2022-04-21 16:25:33

by Linus Torvalds

[permalink] [raw]
Subject: Re: [PATCH v4 bpf 0/4] vmalloc: bpf: introduce VM_ALLOW_HUGE_VMAP

On Tue, Apr 19, 2022 at 7:03 PM Alexei Starovoitov
<[email protected]> wrote:
>
> Here is the quote from Song's cover letter for bpf_prog_pack series:

I care about performance as much as the next person, but I care about
correctness too.

That large-page code was a disaster, and was buggy and broken.

And even with those four patches, it's still broken.

End result: there's no way that thigh gets re-enabled without the
correctness being in place.

At a minimum, to re-enable it, it needs (a) that zeroing and (b)
actual numbers on real loads. (not some artificial benchmark).

Because without (a) there's no way in hell I'll enable it.

And without (b), "performance" isn't actually an argument.

Linus


2022-04-22 17:40:13

by Song Liu

[permalink] [raw]
Subject: Re: [PATCH v4 bpf 0/4] vmalloc: bpf: introduce VM_ALLOW_HUGE_VMAP

Hi Linus,

> On Apr 19, 2022, at 7:18 PM, Linus Torvalds <[email protected]> wrote:
>
> On Tue, Apr 19, 2022 at 7:03 PM Alexei Starovoitov
> <[email protected]> wrote:
>>
>> Here is the quote from Song's cover letter for bpf_prog_pack series:
>
> I care about performance as much as the next person, but I care about
> correctness too.
>
> That large-page code was a disaster, and was buggy and broken.
>
> And even with those four patches, it's still broken.
>
> End result: there's no way that thigh gets re-enabled without the
> correctness being in place.
>
> At a minimum, to re-enable it, it needs (a) that zeroing and (b)
> actual numbers on real loads. (not some artificial benchmark).
>
> Because without (a) there's no way in hell I'll enable it.
>
> And without (b), "performance" isn't actually an argument.

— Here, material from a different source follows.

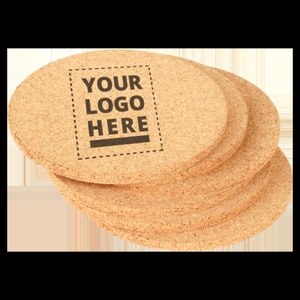 May include: Set of four round cork coasters with a brown, natural finish. The top coaster has the text "YOUR LOGO HERE" printed in black.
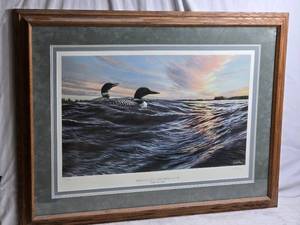 lot 171 image: Signed Ron Van Gilder Minnesota Legacy - Distant Shores, Loons Limited Edition Print, Signed and Numbered DU 8120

I will send patch to do (a) later this week.

For (b), we have seen direct map fragmentation causing visible
performance drop for our major services. This is the shadow
production benchmark, so it is not possible to run it out of
our data centers. Tracing showed that BPF program was the top
trigger of these direct map splits.

Thanks,
Song

2022-04-22 18:54:02

by Luis Chamberlain

[permalink] [raw]
Subject: Re: [PATCH v4 bpf 0/4] vmalloc: bpf: introduce VM_ALLOW_HUGE_VMAP

On Wed, Apr 20, 2022 at 02:42:37PM +0000, Song Liu wrote:
> For (b), we have seen direct map fragmentation causing visible
> performance drop for our major services. This is the shadow
> production benchmark, so it is not possible to run it out of
> our data centers. Tracing showed that BPF program was the top
> trigger of these direct map splits.

It's often not easy to reproduce issues like these, but I've
ran into that before for other Proof of Concept issues before
and the solution has been a Linux selftest. For instance a
"multithreaded" bombing for kmod can be triggered with
lib/test_kmod.c and tools/testing/selftests/kmod/kmod.sh

Would desinging a selftest to abuse eBPF JIT be a possible
way to reproduce the issue?

Luis